"Wir werden das virtuelle Krankenhaus weiter ausbauen."
Interview aus Nordrhein-Westfalen
Komplizierte medizinische Eingriffe gehören in die Hände von Spezialisten mit ausreichend Erfahrung und Können, sagt Peter Preuß, gesundheitspolitischer Sprecher der CDU-Fraktion im NRW-Landtag im Interview zur Landtagswahl 2022.

TK: In dieser Legislaturperiode wurde die Reform der Krankenhausplanung in NRW auf den Weg gebracht. Wie sollte die Struktur- und Finanzplanung für die Krankenhäuser in NRW in den nächsten Jahren gestaltet werden?

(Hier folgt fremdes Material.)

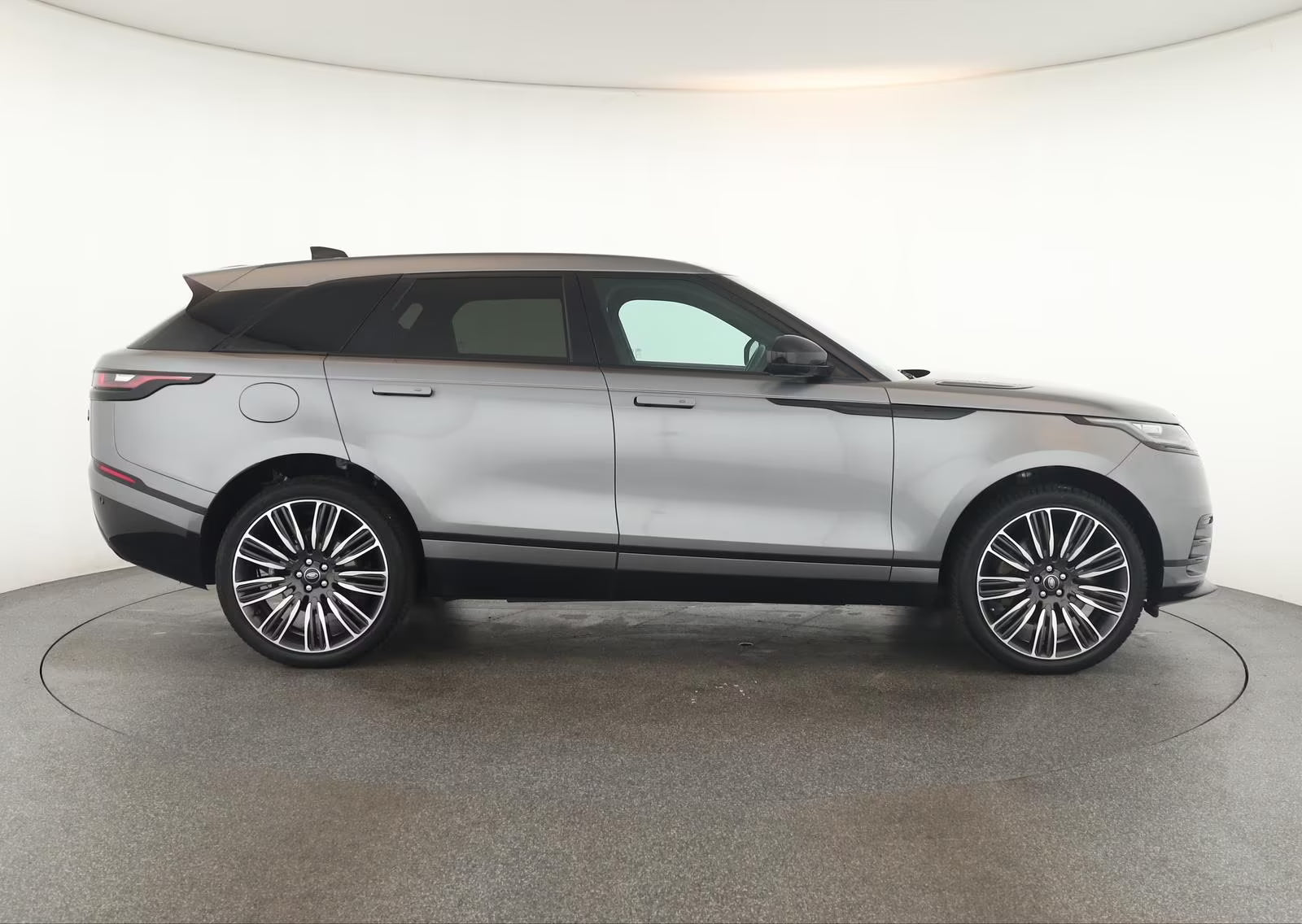 Range Rover Velar D300 SE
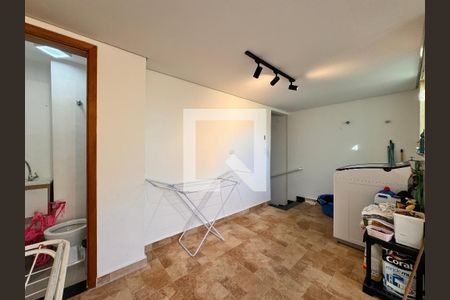 Apartamento à venda com 114m², 2 quartos e 1 vaga Apartamento à venda com 114m², 2 quartos e 1 vagaLavanderia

Peter Preuß: Unsere Krankenhäuser sind wichtige Einrichtungen der Daseinsvorsorge. Es kann nicht allein dem Markt überlassen werden, wo welches Krankenhaus mit welchem medizinischen Angebot steht. Grund- und Notfallversorgung, Geburtshilfe und Kinder- und Jugendmedizin, müssen flächendeckend und wohnortnah zur Verfügung stehen. Komplizierte medizinische Eingriffe gehören hingegen in die Hände von Spezialisten mit ausreichend Erfahrung und Können. Wir stehen für eine Krankenhausplanung, die den Namen verdient.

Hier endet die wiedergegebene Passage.